L’archivio fotografico custodisce negativi, diapositive e stampe che raccontano storie, persone e luoghi. È una memoria visiva costruita nel tempo, fatta di immagini nate per durare, oggi conservate, ordinate e rese nuovamente leggibili.

Il negativo è la prima forma della memoria.

Non tutto ciò che è stato fotografato appartiene al passato:
alcune immagini riaffiorano perché il presente è pronto a guardarle.

Ritratto, 2001
pellicola Ilford FP4

Due immagini nate nello stesso tempo e nello stesso spazio, ma non identiche.
La pellicola registra la presenza con misura: lo sguardo, la postura, una lieve variazione dell’espressione. 

Non è il ritratto di un momento spettacolare, ma di una relazione silenziosa tra fotografo e soggetto, fatta di fiducia e di attesa.
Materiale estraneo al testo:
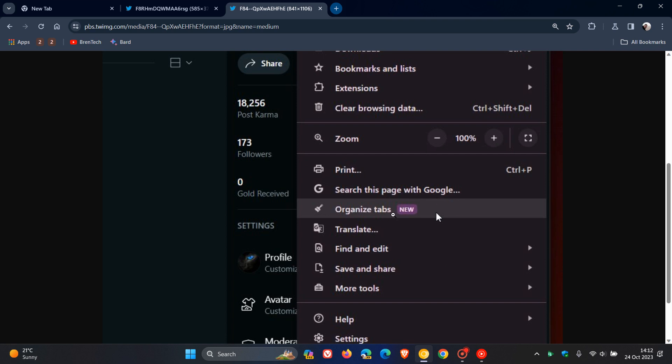Here we can see Organize Tabs. If you click on that from the main menu, it will start organizing those tabs into different groups automatically, as we've been mentioning in previous videos. If you want more info, just do a quick search on the channel regarding Organize Tabs.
Rivederle oggi significa riconoscere una fotografia che non cercava effetti, ma durata.

Generazione
Analogica

Volti, un solo anno: il 1998. Questo progetto nasce dalla volontà di isolare lo sguardo dei giovani di fine secolo, spogliandoli di ogni artificio. Attraverso il contrasto netto del bianco e nero e la matericità della grana fotografica, emerge l’identità nuda di una generazione catturata tra il fermento del passato e l’incertezza del nuovo millennio. Un censimento visivo di chi eravamo.

Sono sguardi che oggi ci guardano dal passato, per ricordarci che ogni volto è stato un domani ancora da scrivere.